The increasing market demands in the field of consumer electronics, impose strict time-to-market constraints to system designers. High Level Synthesis (HLS) has been recognized as a key enabler for automated coprocessor synthesis within shortened design cycles. Being now in a mature phase [1], HLS is the driving force of design abstraction, offering an automated path from high level algorithmic specifications down to circuit level implementations. Since a large number of architectural configurations became explorable, designers have faced the problem of reasoning on differing trade-offs. Thus, efficient design space exploration (DSE) methodologies accompanied with automated tools are of great importance for fast and accurate evaluation of the solution space [2].

The efficiency of the exploration phase for coprocessor synthesis is highly affected by two factors: (i) the core HLS optimization algorithms, namely operation scheduling, resource binding and register allocation and (ii) the RTL to gate-level synthesis tool. Iterative coprocessor customization implies the execution of two synthesis phases, namely (i) the C-to-RTL and (ii) the RTL-to-gates. While the inclusion of gate-level synthesis information during exploration enables accuracy, it remains an extremely time consuming task. To reduce exploration delay, designers usually adopt a less time consuming exploration approach by shortening the exploration

978-3-9815370-0-0/DATE13/©2013 EDAA

loop to iterate through the HLS design space. Nowadays, it is common practice [3]-[8] to adopt an iterative exploration approach at the level of HLS by evaluating the quality of the design solutions during the pre-synthesis phase. In this way, only a reduced set of design configurations forming the Pareto-front of the high level exploration is propagated down to gate-level synthesis tools for further refinement.
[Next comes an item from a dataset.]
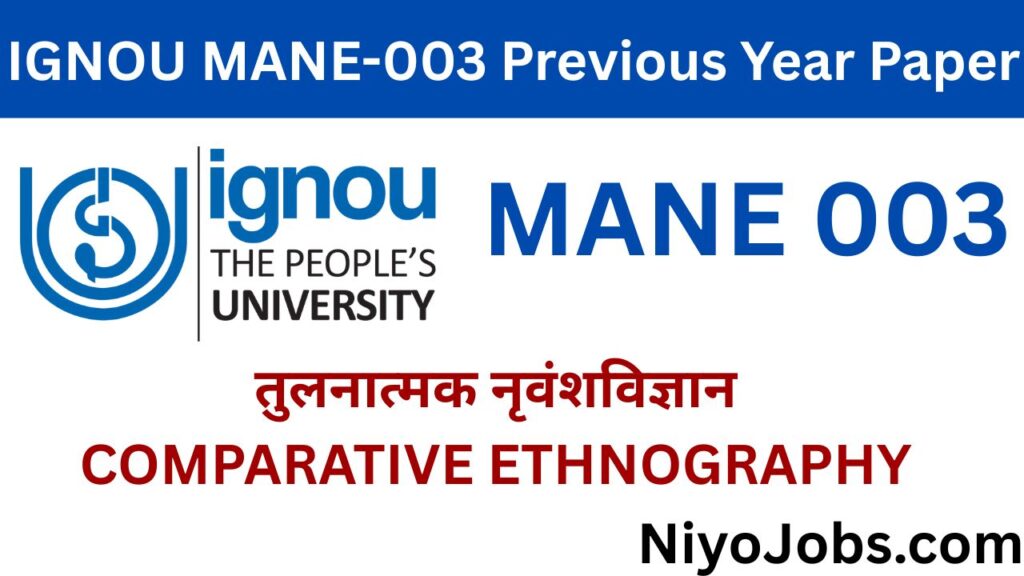 IGNOU MANE 003 Previous Year Papers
For example, the execution time required for a single run of the SPARK's HLS engine [9] for the Inverse Discrete Cosine Transform kernel from the MPEG2 application (when unrolling the inner and outer loops) is approximately 8.5 minutes, while for a single gate-level synthesis evaluation, by using Synopsys Design Compiler [10], the time required is 23 minutes. Even in the case of a high level exploration loop, the aggregated delay of iteratively using the core HLS engine imposes large and in many cases unaffordable exploration runtime. A straightforward approach would suggest to limit the design space, e.g. excluding from the exploration procedure the compiler level parameters, (i.e. the loop unrolling parameters). However, many researchers [7], [8], [11], [12] have proven that this type of exploration simplifications inherently reduces the effectiveness of the DSE and thus the optimality of the approximated Pareto curve.
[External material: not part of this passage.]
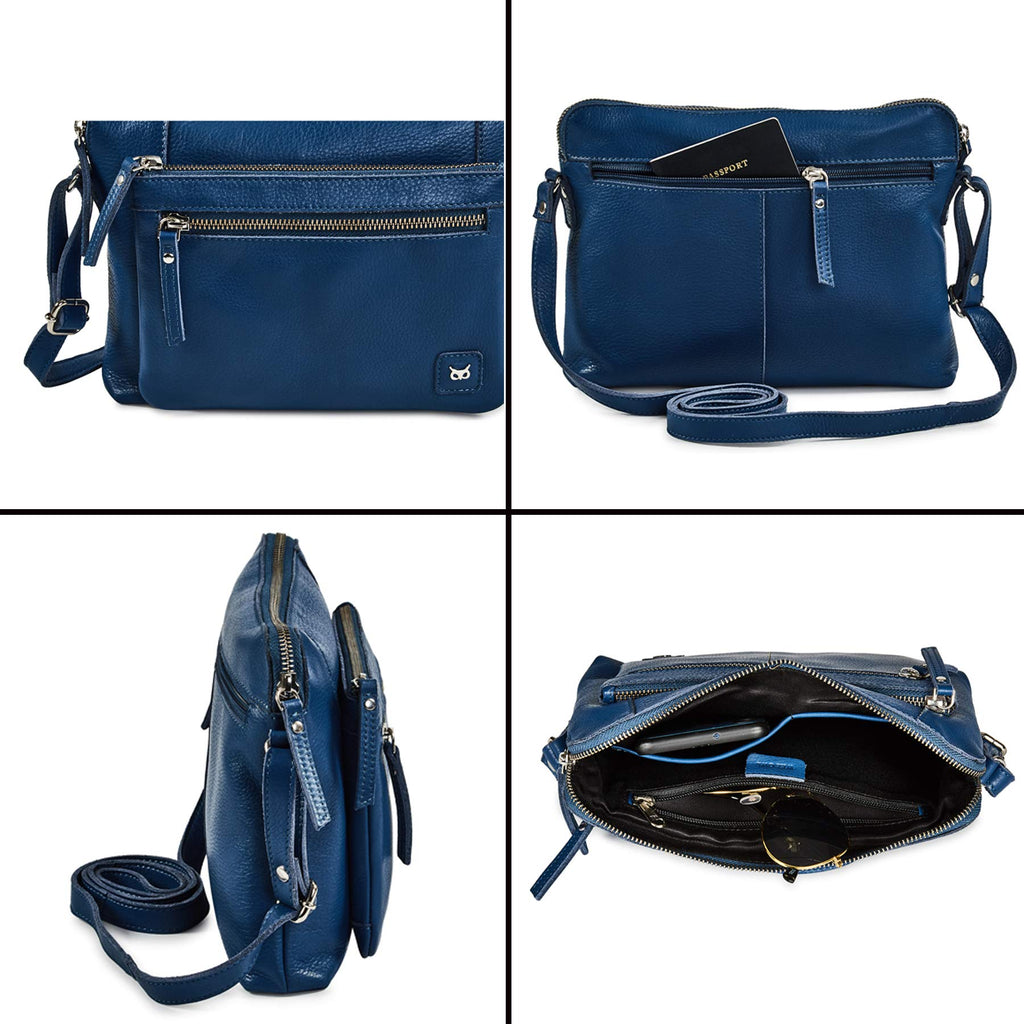 Leather Crossbody Bags for Women Small Soft Genuine Pebbled Sling Shoulder Handbag Crossover Purse with Full Adjustable Strap (Sapphire Blue Nappa)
In this paper, we address the coprocessor synthesis and customization introducing Response Surface Methods. The innovativeness of the approach consists of analytically modeling and predicting the behavior of the synthesis engine, to efficiently explore the design space in terms of both architectural and compiler parameters. The main objective is not to target the complete replacement of the synthesis engine, but to introduce an abstract meta-layer that enables the reduction of times the proposed exploration framework has to resort to the costly architectural synthesis. More in detail, we propose (i) the construction of delay and area predictive RSM models to capture the behavior of the core synthesis optimization algorithms, namely operation scheduling, resource binding and register allocation and (ii) the development of an exploration framework for coprocessor customization, which exploits the predictive meta-models to iteratively refine and optimize towards the exact Pareto frontier, thus exploring the design space in a fast manner without compromising the quality of design solutions. By adopting the proposed approach, we manage to automatically build customized coprocessor architectures through combined exploration of both compiler- and architectural design parameters, and to accelerate the exploration by eliminating the iterative resorting to the costly architectural synthesis procedures. We show that RSM-based exploration will be proved to be an efficient approach, even including the time required for training the RSM. Experimental results show that the HLS solution space can be accurately modeled by using RSM techniques.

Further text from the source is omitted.